* EXERCISE DIRECTIONS
Return the exact lines from the one containing "Produktbild: ⭐️NEU &" through the final line of the material below, with both ends kept.

* SOURCE DATA
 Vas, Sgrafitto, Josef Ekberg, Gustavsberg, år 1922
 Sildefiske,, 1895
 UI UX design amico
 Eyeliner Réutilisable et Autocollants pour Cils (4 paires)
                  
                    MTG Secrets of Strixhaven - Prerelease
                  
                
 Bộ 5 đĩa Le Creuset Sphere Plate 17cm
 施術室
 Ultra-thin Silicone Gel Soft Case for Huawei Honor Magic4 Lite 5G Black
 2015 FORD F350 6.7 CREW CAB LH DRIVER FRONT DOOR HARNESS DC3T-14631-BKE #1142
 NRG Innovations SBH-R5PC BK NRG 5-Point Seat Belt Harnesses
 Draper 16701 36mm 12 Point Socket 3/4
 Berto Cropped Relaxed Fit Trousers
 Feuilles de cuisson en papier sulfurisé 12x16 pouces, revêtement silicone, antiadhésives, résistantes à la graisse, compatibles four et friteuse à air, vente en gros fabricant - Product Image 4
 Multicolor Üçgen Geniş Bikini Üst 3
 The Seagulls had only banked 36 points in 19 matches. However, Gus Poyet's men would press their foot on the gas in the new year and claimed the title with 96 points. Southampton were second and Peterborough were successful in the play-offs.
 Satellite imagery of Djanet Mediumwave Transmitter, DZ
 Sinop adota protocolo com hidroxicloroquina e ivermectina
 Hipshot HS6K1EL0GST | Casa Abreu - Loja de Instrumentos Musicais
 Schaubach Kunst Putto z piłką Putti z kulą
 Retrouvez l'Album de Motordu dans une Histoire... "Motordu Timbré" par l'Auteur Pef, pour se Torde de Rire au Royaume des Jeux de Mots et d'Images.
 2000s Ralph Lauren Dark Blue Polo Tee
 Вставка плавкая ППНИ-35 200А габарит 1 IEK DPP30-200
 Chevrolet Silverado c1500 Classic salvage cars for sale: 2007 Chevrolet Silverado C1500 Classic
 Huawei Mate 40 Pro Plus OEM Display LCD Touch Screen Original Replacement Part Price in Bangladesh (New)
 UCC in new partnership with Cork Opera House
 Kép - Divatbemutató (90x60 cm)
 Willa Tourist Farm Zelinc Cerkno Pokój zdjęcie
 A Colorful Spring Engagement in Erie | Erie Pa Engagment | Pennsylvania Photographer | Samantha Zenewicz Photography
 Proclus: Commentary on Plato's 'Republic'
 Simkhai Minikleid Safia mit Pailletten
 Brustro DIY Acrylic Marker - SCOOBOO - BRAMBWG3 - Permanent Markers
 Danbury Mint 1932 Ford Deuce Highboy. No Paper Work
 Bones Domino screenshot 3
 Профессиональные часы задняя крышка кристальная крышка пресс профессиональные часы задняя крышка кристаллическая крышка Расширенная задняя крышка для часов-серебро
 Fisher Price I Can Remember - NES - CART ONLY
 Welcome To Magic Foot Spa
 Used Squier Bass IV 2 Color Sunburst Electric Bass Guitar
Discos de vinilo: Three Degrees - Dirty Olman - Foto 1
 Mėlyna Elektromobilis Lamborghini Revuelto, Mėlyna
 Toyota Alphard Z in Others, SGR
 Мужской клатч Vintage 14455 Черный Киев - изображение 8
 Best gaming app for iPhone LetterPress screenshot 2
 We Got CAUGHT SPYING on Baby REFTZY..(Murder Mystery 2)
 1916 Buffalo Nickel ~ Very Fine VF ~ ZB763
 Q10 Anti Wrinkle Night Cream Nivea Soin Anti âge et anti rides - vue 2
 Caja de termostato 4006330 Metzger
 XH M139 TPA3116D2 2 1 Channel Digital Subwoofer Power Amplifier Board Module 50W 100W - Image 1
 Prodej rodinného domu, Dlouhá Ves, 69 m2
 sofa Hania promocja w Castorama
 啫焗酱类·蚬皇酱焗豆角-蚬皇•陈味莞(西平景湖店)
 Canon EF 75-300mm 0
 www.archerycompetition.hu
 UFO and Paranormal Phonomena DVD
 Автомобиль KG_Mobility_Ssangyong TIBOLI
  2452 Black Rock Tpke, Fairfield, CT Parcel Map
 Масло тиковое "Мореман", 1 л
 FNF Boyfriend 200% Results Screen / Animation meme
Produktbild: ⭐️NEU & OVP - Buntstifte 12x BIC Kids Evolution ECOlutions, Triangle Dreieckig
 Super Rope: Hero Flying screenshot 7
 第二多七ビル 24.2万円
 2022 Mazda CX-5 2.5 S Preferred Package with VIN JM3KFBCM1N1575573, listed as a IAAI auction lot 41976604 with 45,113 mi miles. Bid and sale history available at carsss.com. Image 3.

* YOUR RESPONSE
Produktbild: ⭐️NEU & OVP - Buntstifte 12x BIC Kids Evolution ECOlutions, Triangle Dreieckig
 Super Rope: Hero Flying screenshot 7
 第二多七ビル 24.2万円
 2022 Mazda CX-5 2.5 S Preferred Package with VIN JM3KFBCM1N1575573, listed as a IAAI auction lot 41976604 with 45,113 mi miles. Bid and sale history available at carsss.com. Image 3.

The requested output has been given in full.